• [TASK BRIEF]: Please report each line of the data below that contains "Kids".

• [Scraped caption text data]:
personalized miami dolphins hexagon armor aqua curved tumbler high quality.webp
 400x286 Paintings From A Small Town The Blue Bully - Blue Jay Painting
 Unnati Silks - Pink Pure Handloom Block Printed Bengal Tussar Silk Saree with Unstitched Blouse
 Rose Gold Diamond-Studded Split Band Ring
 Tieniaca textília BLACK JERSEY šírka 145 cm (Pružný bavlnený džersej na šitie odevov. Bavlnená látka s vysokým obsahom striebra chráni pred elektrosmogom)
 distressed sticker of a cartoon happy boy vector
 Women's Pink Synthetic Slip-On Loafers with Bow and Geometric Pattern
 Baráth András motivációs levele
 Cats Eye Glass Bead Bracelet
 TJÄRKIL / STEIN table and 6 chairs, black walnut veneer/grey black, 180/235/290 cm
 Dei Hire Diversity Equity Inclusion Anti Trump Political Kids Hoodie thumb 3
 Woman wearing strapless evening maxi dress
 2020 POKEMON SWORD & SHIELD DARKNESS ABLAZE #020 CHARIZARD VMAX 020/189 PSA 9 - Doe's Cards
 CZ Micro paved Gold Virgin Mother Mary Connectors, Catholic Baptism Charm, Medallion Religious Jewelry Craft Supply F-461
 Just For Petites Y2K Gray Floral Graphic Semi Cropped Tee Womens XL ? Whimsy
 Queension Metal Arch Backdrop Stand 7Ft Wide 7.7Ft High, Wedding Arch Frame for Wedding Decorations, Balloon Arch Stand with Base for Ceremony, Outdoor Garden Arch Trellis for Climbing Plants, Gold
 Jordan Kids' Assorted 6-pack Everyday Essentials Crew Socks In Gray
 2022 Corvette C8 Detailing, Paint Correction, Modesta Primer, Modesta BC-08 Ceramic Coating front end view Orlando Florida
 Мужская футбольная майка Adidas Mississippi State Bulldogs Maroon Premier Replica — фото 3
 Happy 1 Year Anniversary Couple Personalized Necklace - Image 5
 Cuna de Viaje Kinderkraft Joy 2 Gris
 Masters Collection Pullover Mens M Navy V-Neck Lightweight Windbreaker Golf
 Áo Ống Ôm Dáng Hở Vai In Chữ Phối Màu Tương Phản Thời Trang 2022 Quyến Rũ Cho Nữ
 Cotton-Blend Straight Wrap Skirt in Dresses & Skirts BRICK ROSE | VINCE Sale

• [WRITTEN SOLUTION]:
 Dei Hire Diversity Equity Inclusion Anti Trump Political Kids Hoodie thumb 3
 Jordan Kids' Assorted 6-pack Everyday Essentials Crew Socks In Gray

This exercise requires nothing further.